Troy Jones

Personal information
- Born: 26 June 1998 (age 28) Birmingham, West Midlands, England
- Weight: Light-heavyweight

Boxing career
- Stance: Orthodox

Boxing record
- Total fights: 15
- Wins: 13
- Win by KO: 6
- Losses: 2

= Troy Jones =

English boxer (born 1998)

Troy Jones (born 26 June 1998) is an English professional boxer. He is a former English light-heavyweight champion.

==Career==
Having started boxing aged seven and spending his amateur career fighting out of Solihull ABC, Jones made his professional debut on 16 October 2021, defeating Daniel Borisov on points in a four-round contest in Birmingham.

Unbeaten in his first 10 pro-fights, he faced Leon Willings for the vacant English light-heavyweight title at the Eastside Rooms in Birmingham on 17 August 2024. Jones won by unanimous decision.

He made a successful first defense of his title against Michael Stephenson at Resorts World Arena in Birmingham on 30 November 2024, winning via unanimous decision despite having a point deducted for illegal use of the shoulder.

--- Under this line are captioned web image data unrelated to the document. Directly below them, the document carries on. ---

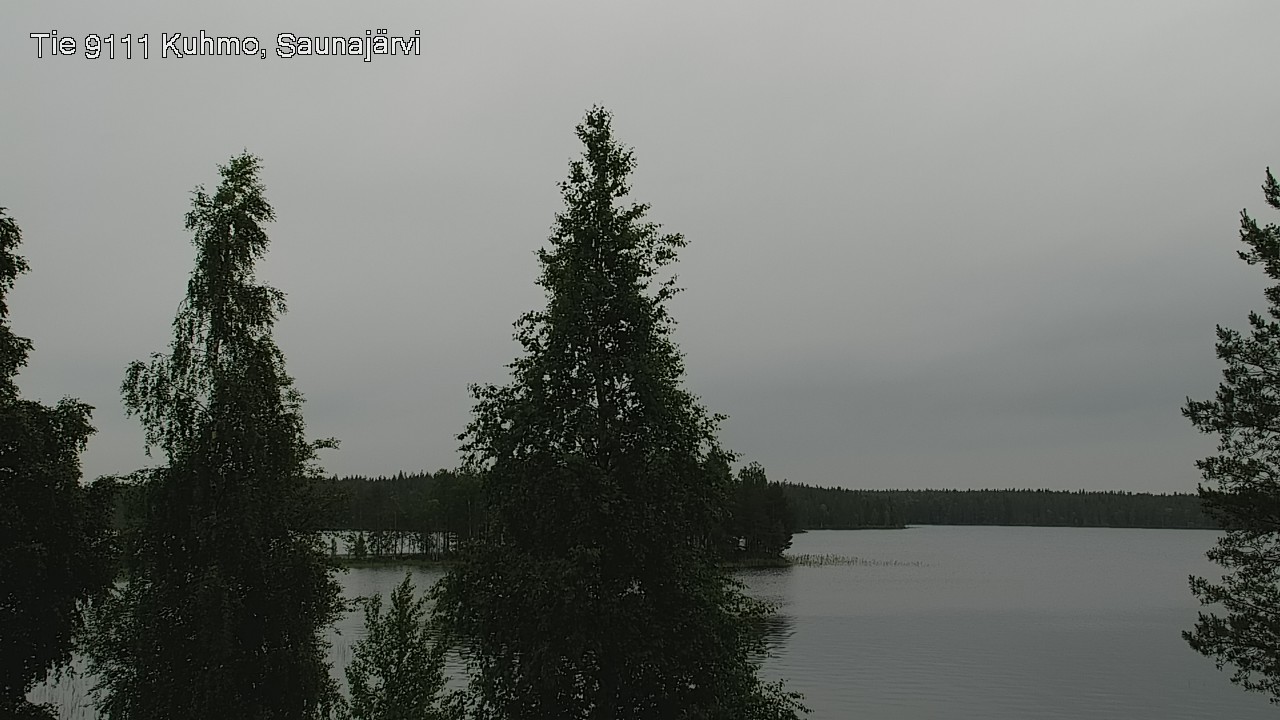 Kelikamerat Kuva Tie 9111 Kuhmo, Saunajärvi, Kuhmo, Kainuu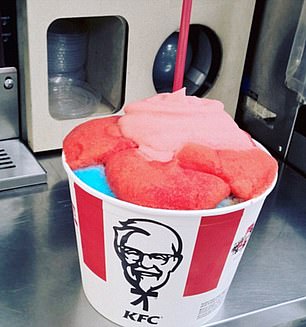 KFC buckets proved to be a popular glass in times past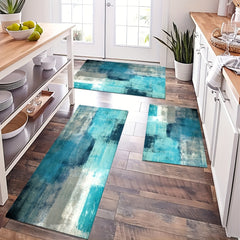 2pcs Soft Kitchen Floor Mat Waterproof Machine Washable Decorative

Jones faced Ezra Taylor for the vacant WBA Continental Gold light-heavyweight title at Nottingham Arena on 10 May 2025. He lost via unanimous decision.

He was scheduled to challenge IBF Intercontinental and WBO International light-heavyweight champion Daniel Lapin at Co-op Live Arena in Manchester on 1 November 2025. However, Lapin withdrew from the fight due to injury with Liam Cameron stepping in as Jones' new opponent. Jones lost by unanimous decision.